- TASK DIRECTIONS
Repeat every entry exactly. Do not include the pictures.

Records from a data source
-- Opening Marker --

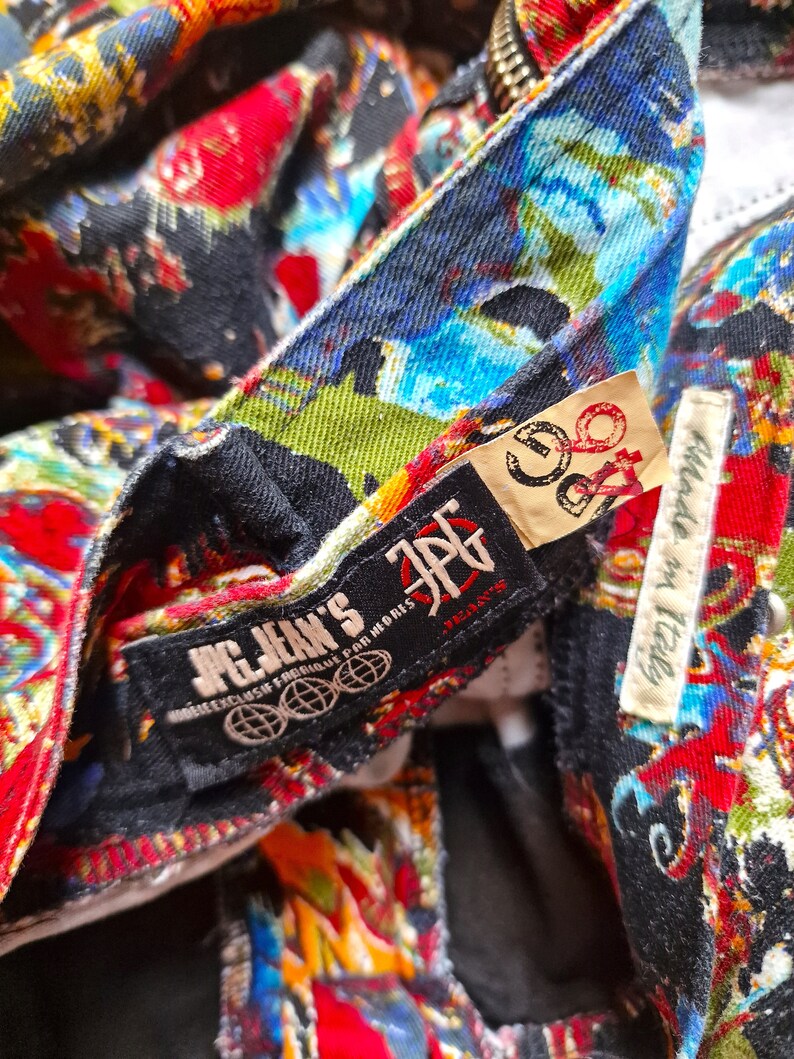 May include: Close-up of a black and red patterned denim jacket with a black label that reads "JPG Jean's" and a white label that reads "Made in Italy".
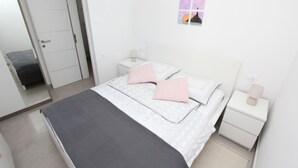 A bedroom with a bed, two bedside tables, a nightstand, a mirror, and a wall-mounted picture. - Apartments Polenta (Rovinj)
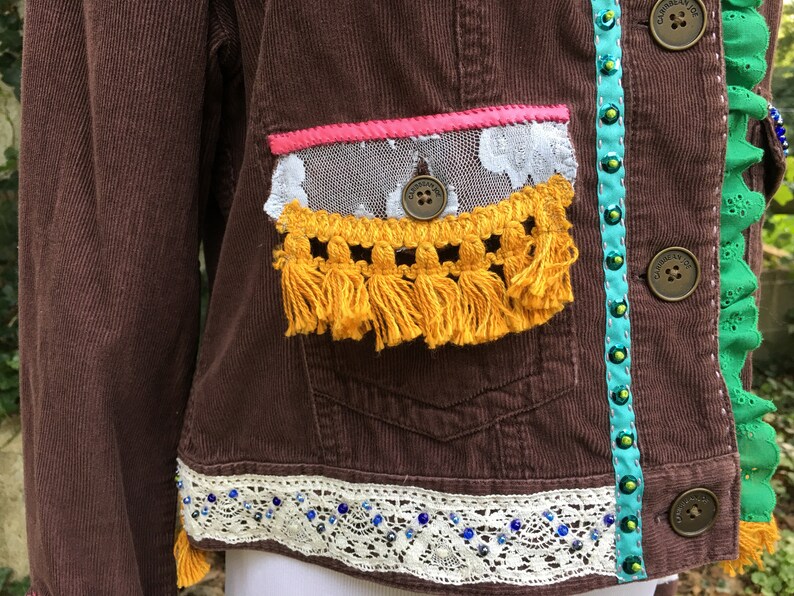 May include: A brown corduroy jacket with a white lace trim, yellow fringe, and turquoise and green beaded trim. The jacket has a pink ribbon and a white lace pocket.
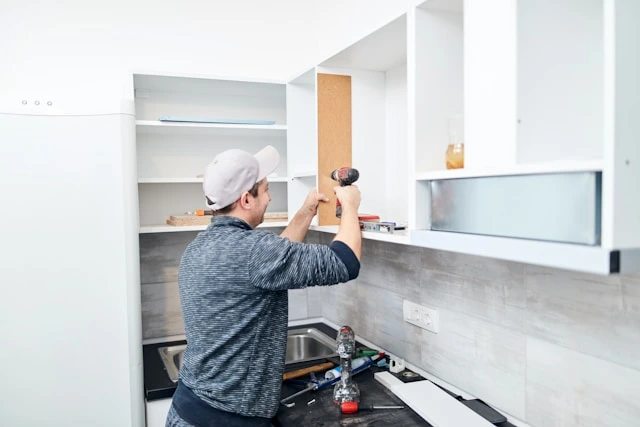 Worker installing new cabinets during a kitchen remodeling project with tools on the counter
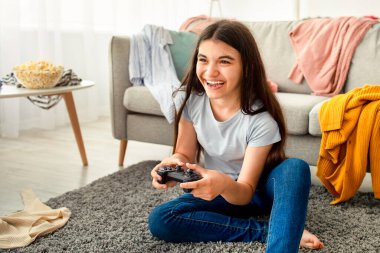 Covid tecrit sırasında dağınık bir odada oyun oynayan joystick 'li mutlu Hintli genç. Evde video oyunu oynayan kontrolörü olan neşeli bir ergen.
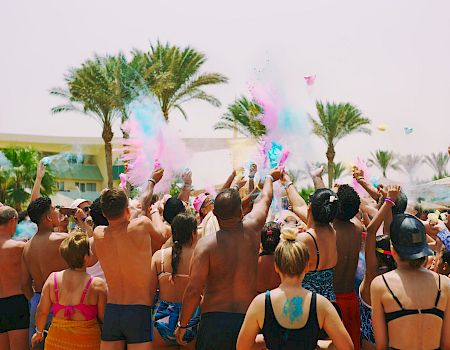 A packed pool party at a sunny beach resort showers the crowd with colorful powder and confetti as everyone cheers.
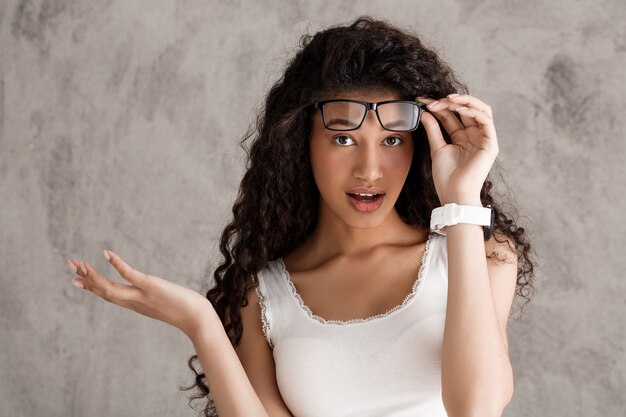 Sorprendido gafas de despegue de mujer de pelo rizado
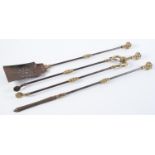 A set of three Victorian brass mounted and burnished steel fire irons, shovel 72cm l Old rust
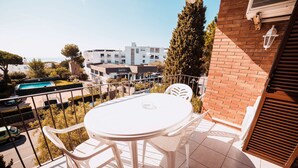 Een balkon met een witte tafel en stoelen, met uitzicht op een zwembad en gebouwen.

-- Closing Marker --

- RESPONSE TO THIS EXERCISE
 May include: Close-up of a black and red patterned denim jacket with a black label that reads "JPG Jean's" and a white label that reads "Made in Italy".
 A bedroom with a bed, two bedside tables, a nightstand, a mirror, and a wall-mounted picture. - Apartments Polenta (Rovinj)
 May include: A brown corduroy jacket with a white lace trim, yellow fringe, and turquoise and green beaded trim. The jacket has a pink ribbon and a white lace pocket.
 Worker installing new cabinets during a kitchen remodeling project with tools on the counter
 Covid tecrit sırasında dağınık bir odada oyun oynayan joystick 'li mutlu Hintli genç. Evde video oyunu oynayan kontrolörü olan neşeli bir ergen.
 A packed pool party at a sunny beach resort showers the crowd with colorful powder and confetti as everyone cheers.
 Sorprendido gafas de despegue de mujer de pelo rizado
 A set of three Victorian brass mounted and burnished steel fire irons, shovel 72cm l Old rust
 Een balkon met een witte tafel en stoelen, met uitzicht op een zwembad en gebouwen.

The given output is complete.